The treatment of the issue is provocative because what gave the censor pause will give a modern audience pause, too. The early scenes may not quite be the Elizabethan and Jacobean equivalent of a Daily Mail editorial, but they do present the grievances of Londoners in uncompromising terms. Citizens air their annoyance at the theft and the wife-filching and the various economic disadvantages occasioned by Johnny Foreigner. There's no time expended here on thoughts of mind-broadening cultural diversity and of the social benefits to be gained from welcoming people with special skills. It is only when More and the imagination of Shakespeare arrive with the plea for fellow-feeling - "Imagine that you see the wretched strangers,/ Their babies at their backs, with their poor luggage,/ Plodding to th' ports and coasts for transportation,/ And that you sit as kings in your desires,/ Authority quite silenced by your brawl,/ And you in ruff of your opinions clothed:/ What had you got?" - that you reckon it would be safe to sit our Prime Minister in front of this piece.

Given that there was a renewed climate of combustible intolerance at the time when the play was written, you can understand why the censor, even after the rewrites, testily ordered the authors to "Leave out the insurrection wholly, and the cause thereof..." Its depiction comes across as inflammatory.

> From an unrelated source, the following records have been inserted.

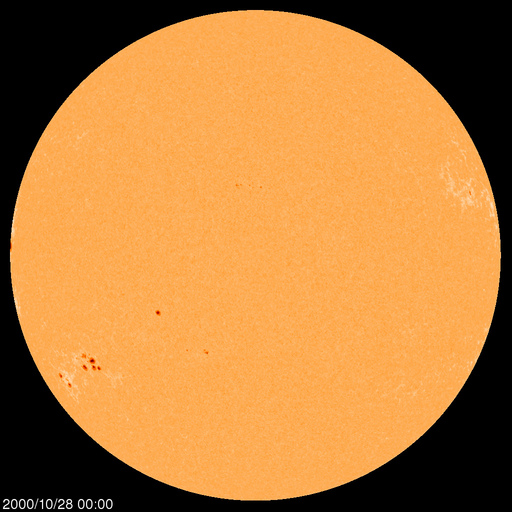 Sunspot regions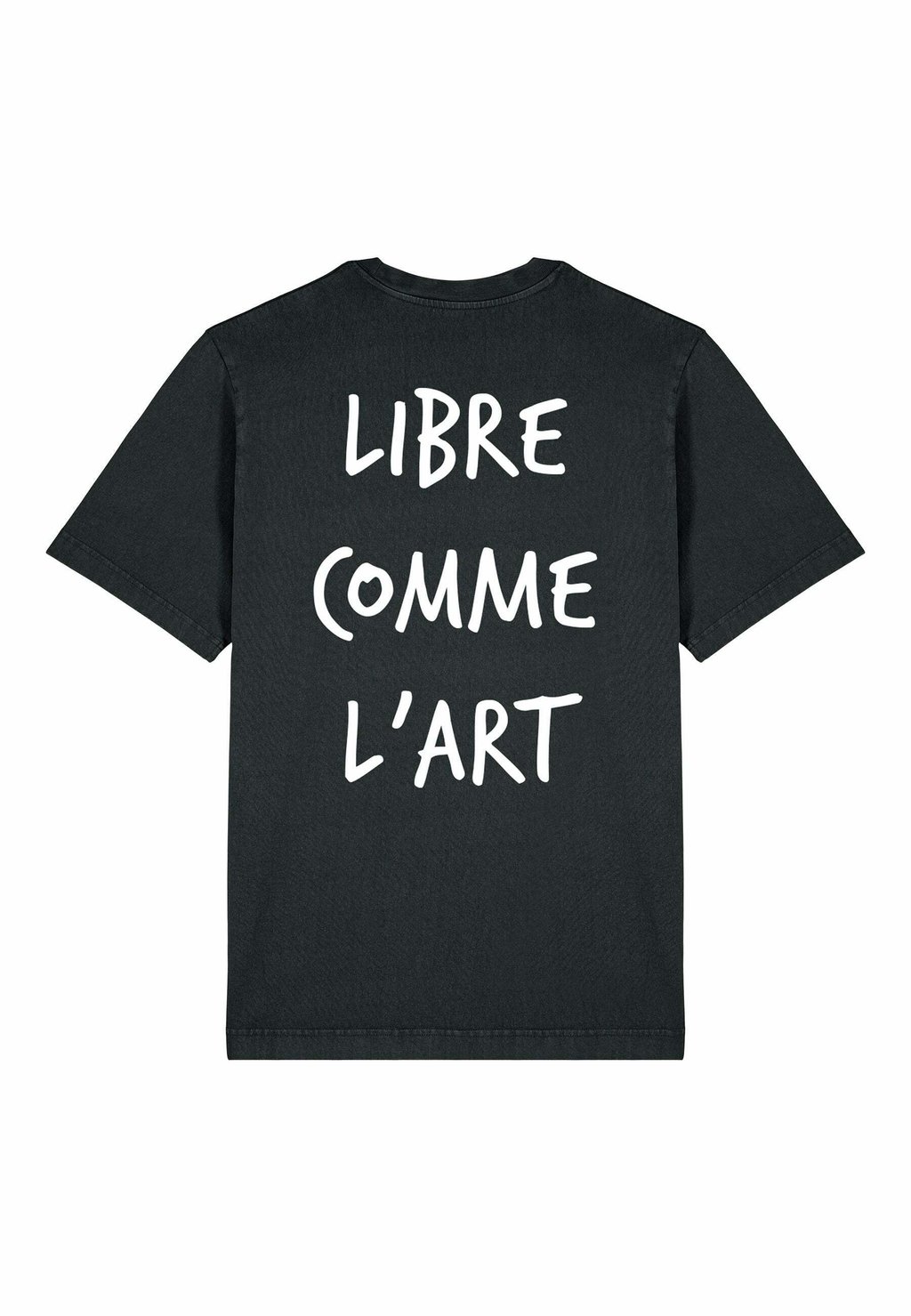 

Футболка с принтом LIBRE COMME LART BACK PRINT HEAVYWEIGHT Mira Paris, цвет Washed Black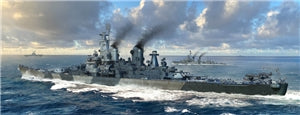 TRUMPETER 06749 USS Iowa BB-61 WWII Fast Battleship  1/700 SCALE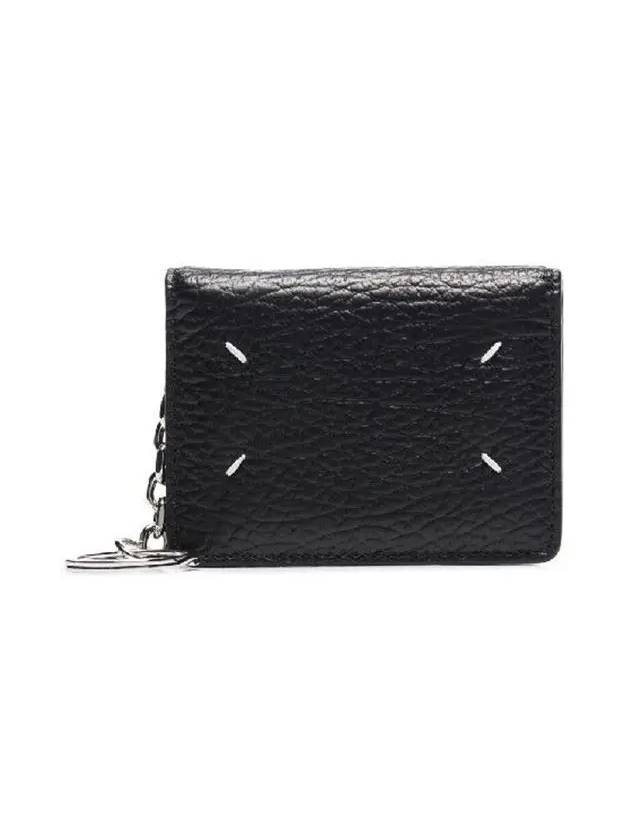 4 Stitch Keyring Card Wallet Black - MAISON MARGIELA - BALAAN 2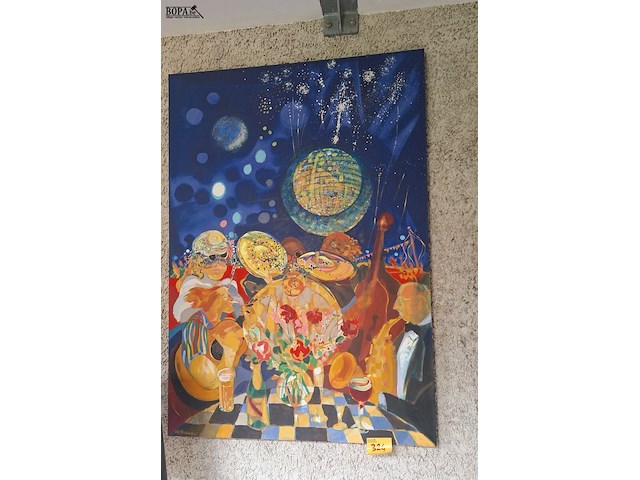 Lot 324 - schilderij op doek - afbeelding 1 van  1
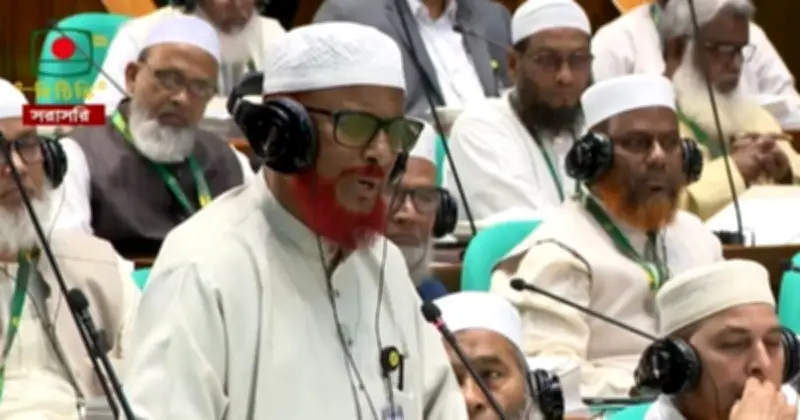 জামায়াত নেতা এটিএম আজহারুল ইসলামের সংসদে বক্তব্য: 'জুলাই না হলে ফাঁসির সেল থেকে আসতে পারতাম না'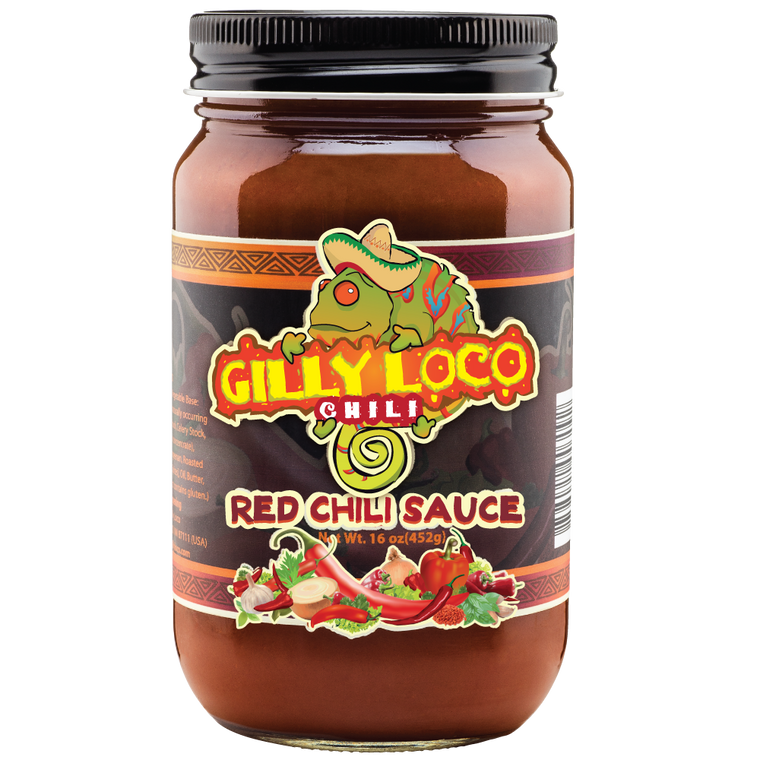 Gilly Loco Red Chili Sauce (16 oz)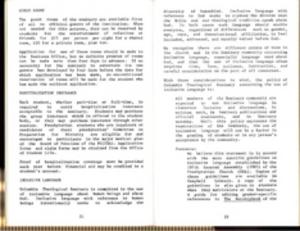 Inclusive Language Statement, 1988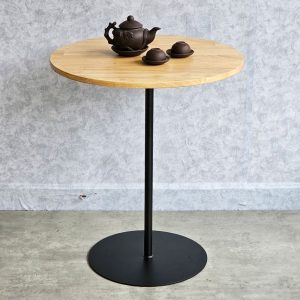 Combo bàn cafe tròn 60cm và 2 ghế cafe nhựa C - hình 1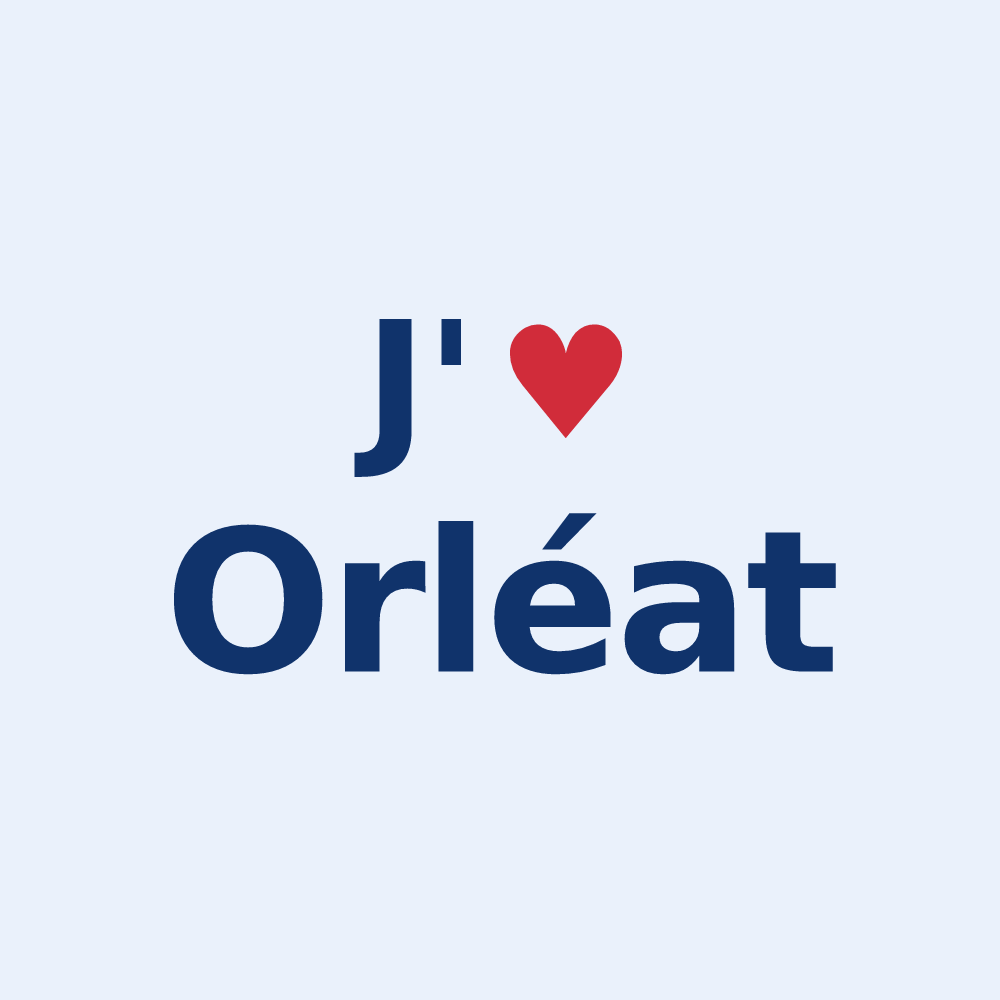 Sticker personnalisé Orléat — design J'aime Orléat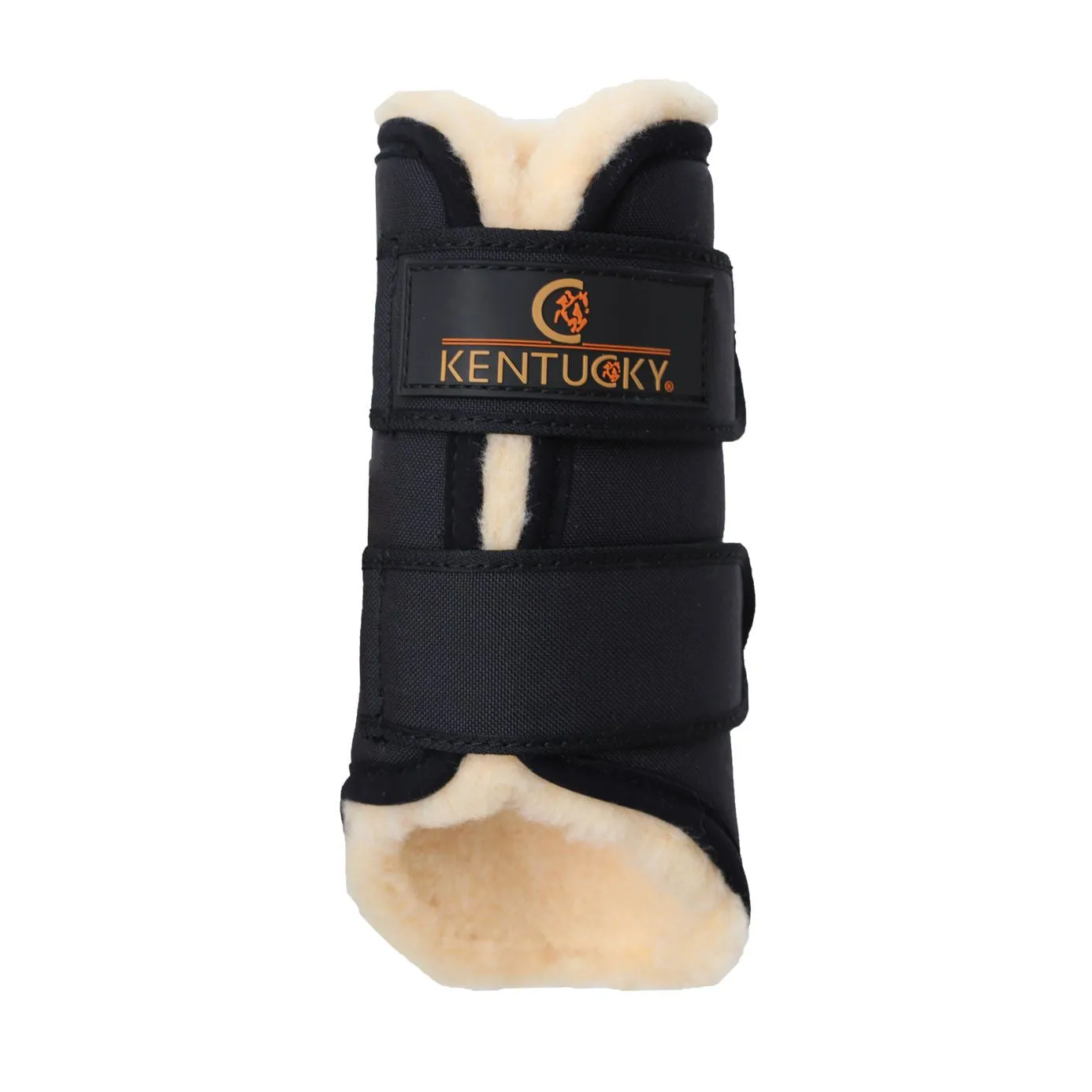 Kentucky Horsewear Solimbra Brushing Boots Front - Black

For Robert Delamere, the challenge is to keep faith with the almost Brechtian episode-by-episode approach and to find a theatrical context for what he finely calls the "double consciousness of the piece", pointing out that Anthony Munday, who is the main author, was himself a bit of a double agent. In his youth he was a spy who infiltrated the English college in Rome incognito to uncover the plans of the English Catholic refugees.

But then there's an invigorating absence of political correctness in all the pieces that comprise this Gunpowder season. Sean Holmes, who in the 2003 festival mounted such a politically and theatrically persuasive production of Massinger's Roman Actor, now has the job of projecting to a modern audience a Jacobean play about euthanasia. As he says, "It's arguable that the concerns of [ A New Way to Please You] have become even more topical given our ageing population. In the play, the killing off of the elderly seems to have been principally a vehicle for a look at the possible abuses of state power and at the frightening ease with which a whole society can become Nazified. But the subject becomes one of real substance now in a world of living wills and worry about emotional pressures on the old to make a timely exit in favour of their children." And as Doran argues, the piece fits into the season because of the heightened manner in which it depicts a society badly adrift from its traditional pieties.

The sequence will be brought to a close with Speaking Like Magpies, a specially commissioned new play about the political events of 1605, by Frank McGuinness. This is precisely the kind of bold, coherent and inaugurative programming that justifies the Royal Shakespeare Company's existence.